Advisers are always looking for the best investment solutions for their clients. When looking for professionally managed fund options, mutual funds and ETFs are generally the two main options that are widely available to advisers.
Both have benefits and drawbacks both can have a place in your client’s portfolios.
ETFs have gained in popularity and traction with investors of all types since their introduction over 20 years ago. ETFs are similar to mutual funds in that they pool investor’s money together within a fund. A key difference is that ETFs are traded like stocks all during the trading day on the various stock exchanges.
Some potential advantages of ETFs for advisers and their clients include:
- Transparency. ETFs disclose their holdings on a daily basis, mutual funds generally only do this a couple of times per year.
- Low costs. Index ETFs are the most prevalent type of ETF and many of these funds have ultra-low costs.
- Liquidity. In many cases, ETFs can be more liquid than even the underlying asset class in which they invest. For example, bond ETFs in some cases are more liquid than some of the underlying bonds held in the ETF.
- Additionally, since ETFs are traded like stocks, you can use tools like stop orders, limit orders and stop-limit orders.

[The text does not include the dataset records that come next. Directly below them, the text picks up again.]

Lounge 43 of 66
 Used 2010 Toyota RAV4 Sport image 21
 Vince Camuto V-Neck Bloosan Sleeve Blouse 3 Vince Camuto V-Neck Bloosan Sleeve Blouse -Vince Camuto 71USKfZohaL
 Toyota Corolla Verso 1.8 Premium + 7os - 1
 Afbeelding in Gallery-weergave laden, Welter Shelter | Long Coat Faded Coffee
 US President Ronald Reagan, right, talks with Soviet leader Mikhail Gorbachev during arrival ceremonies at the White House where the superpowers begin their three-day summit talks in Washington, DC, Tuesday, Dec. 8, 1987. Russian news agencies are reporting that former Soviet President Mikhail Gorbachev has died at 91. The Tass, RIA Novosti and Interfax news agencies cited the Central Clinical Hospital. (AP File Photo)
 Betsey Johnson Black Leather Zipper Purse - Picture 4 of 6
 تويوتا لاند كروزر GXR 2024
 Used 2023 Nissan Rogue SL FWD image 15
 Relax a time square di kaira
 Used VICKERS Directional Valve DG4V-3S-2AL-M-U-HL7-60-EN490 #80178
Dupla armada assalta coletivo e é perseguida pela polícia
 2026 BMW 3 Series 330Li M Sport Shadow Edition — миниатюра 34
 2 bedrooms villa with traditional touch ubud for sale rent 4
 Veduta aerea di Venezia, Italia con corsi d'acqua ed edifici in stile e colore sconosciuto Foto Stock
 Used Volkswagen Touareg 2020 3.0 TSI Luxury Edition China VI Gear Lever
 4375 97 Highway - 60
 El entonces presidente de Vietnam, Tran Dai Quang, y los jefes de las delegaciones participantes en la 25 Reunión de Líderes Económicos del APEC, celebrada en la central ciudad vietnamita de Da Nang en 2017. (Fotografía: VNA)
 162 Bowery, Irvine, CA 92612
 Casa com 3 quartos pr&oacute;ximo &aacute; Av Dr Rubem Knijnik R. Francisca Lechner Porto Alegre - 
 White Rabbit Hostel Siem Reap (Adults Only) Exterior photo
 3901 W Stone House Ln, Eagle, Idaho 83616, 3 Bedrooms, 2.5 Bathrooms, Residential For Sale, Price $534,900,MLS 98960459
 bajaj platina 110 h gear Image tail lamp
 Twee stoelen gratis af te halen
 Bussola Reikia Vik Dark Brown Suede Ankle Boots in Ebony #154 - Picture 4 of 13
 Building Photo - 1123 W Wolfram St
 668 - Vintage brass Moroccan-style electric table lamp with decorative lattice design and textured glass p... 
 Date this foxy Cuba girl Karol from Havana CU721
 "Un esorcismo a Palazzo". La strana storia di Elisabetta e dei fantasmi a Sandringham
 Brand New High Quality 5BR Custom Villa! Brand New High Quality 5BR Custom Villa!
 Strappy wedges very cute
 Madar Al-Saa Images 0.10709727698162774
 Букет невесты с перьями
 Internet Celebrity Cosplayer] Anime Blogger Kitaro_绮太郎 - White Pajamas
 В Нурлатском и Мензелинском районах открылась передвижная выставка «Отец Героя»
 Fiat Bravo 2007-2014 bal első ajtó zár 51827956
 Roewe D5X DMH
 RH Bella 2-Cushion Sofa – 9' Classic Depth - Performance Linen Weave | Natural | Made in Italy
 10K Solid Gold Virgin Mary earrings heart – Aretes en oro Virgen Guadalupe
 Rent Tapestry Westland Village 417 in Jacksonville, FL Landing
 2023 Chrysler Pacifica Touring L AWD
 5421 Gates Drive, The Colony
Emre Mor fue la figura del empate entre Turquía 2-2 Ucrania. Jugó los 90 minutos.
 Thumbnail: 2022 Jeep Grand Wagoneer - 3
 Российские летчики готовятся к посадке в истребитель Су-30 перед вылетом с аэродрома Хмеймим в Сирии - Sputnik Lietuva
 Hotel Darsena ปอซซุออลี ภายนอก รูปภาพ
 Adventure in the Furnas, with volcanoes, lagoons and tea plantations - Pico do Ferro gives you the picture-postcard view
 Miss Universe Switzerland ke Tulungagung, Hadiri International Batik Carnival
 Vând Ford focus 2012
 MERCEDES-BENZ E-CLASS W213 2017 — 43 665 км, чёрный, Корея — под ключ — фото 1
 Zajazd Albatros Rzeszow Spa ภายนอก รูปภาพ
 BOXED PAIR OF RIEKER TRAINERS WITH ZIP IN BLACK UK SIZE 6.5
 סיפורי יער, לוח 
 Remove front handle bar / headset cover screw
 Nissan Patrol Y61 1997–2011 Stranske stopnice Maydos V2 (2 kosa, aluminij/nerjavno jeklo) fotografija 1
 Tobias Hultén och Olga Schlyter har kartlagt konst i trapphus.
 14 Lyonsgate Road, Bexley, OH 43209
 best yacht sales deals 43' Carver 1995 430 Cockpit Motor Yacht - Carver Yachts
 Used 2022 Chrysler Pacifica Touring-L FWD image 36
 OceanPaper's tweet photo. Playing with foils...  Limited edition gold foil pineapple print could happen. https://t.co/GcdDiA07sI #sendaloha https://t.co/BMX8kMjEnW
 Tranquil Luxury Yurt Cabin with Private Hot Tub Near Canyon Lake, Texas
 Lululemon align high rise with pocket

These types of orders are a handy way to limit losses in all types of market environment, they can be especially useful in these volatile times.
- Like stocks, ETFs can also be purchased on margin if that is an issue for your client.
Mutual funds have been around for years and as an adviser they are quite familiar to you and your clients. There are a number of varieties of mutual funds including both actively managed and passive index products. Fee structures vary widely as well. Additionally, open-end mutual funds trades are executed at the end of the trading day.
Closed-end mutual funds are another variety, they trade on the exchanges much like ETFs and stocks. Unlike regular open-end funds there are a finite number of shares created so there isn’t the option to purchase shares by simply sending in money.
Additionally, the structure of closed-end funds can result in steep discounts or premiums between the net asset value of the underlying shares and the price at which your client actually purchases the shares. For the rest of our discussion here, the focus will be on open-end funds when mentioning mutual funds.
Mutual funds are often the investment of choice in your client’s workplace retirement plans. Additionally, there are very few choices for actively managed funds among ETFs if you are looking for a particular style of active manager or a specific manager.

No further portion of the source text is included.